Thursday, 18 March 2010

EXTRAORDINARY EVENTS

What makes an ordinary person do extraordinary things; in particular, extraordinarily bad things?

That question was answered in part by a French television programme shown last night on France 2. The 80 participants in "The Game of Death" had signed contracts to be in what they thought was a pilot for a new reality show. The contracts stipulated that they should administer electric shocks to a hidden contestant, whenever the latter failed to answer a question correctly. Egged on by a glamorous presenter, and an enthusiastic audience, they did just that, despite the voltages getting bigger and bigger, and the hidden contestant screaming and begging them to stop. Fully 80% of the participants hit the button for the maximum shock of 460 volts, a potentially lethal amount.

The show was a sham. There was no electricity, and the hidden contestant was an actor. What the documentary producers wanted to show was how ordinary people could do awful things, if put in a position where they have to defer to authority. In other situations, that authority could be a military person; in this case, it was the combination of national TV and a persuasive hostess. The result is disturbing.

The first foreign country I ever visited was Germany, as a teenager on a language exchange. As a Brit, I had grown up to believe that Germans were bad, a view reinforced by the fact that my mother's house had been bombed in the Coventry blitz while she was a girl. Yet I liked Germany and I liked the Germans I met. A couple of men in the factory where I later worked had been on the Eastern Front, and I tried to work out how these mild-mannered people could have got caught up in something so awful as Hitler's Third Reich. Why didn't more people disobey or rebel?
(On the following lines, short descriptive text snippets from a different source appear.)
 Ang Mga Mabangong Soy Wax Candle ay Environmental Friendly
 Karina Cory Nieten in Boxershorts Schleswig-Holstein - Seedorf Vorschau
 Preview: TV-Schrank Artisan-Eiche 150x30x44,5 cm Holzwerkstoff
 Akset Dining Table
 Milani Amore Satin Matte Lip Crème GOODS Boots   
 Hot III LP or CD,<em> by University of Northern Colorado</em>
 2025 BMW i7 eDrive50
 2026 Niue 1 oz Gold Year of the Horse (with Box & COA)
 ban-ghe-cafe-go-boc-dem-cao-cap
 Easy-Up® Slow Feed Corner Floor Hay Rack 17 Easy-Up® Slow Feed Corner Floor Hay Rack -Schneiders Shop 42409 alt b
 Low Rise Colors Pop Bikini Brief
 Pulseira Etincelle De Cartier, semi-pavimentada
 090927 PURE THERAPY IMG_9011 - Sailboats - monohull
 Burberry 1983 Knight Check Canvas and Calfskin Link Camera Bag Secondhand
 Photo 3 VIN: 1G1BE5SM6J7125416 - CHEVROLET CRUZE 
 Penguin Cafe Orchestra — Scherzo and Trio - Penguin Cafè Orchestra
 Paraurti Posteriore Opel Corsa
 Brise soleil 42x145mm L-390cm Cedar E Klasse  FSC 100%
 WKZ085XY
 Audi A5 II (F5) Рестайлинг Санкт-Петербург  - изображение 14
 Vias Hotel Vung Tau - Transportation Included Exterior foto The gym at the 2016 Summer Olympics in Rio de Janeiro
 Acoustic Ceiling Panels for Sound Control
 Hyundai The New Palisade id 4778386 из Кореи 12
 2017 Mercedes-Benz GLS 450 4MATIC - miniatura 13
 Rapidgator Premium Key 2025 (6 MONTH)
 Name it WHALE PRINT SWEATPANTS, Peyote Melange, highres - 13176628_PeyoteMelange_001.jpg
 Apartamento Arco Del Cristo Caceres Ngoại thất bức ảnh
The answer, confirmed it seems by the game show experiment, is that we are programmed to obey. If the message is attractive enough and the figure of authority is persuasive enough, then it takes a very large amount of willpower not to be bowled along by it. Before you know what you are doing, you have imperceptibly shifted from being an ordinary person, living in harmony with your Jewish neighbours, to denouncing them and helping send them off to concentration camps. You wouldn't do that of your own accord; but if the system to do it is put in place, then you go along with it.

This has lessons in my view for today. In particular, one should beware of people in public life, who peddle simple messages. The world is a complicated place; and if there were an easy solution to a problem, then someone would have found it by now. Iraq is perhaps the best modern example of a simple message that went wrong. But there will be others.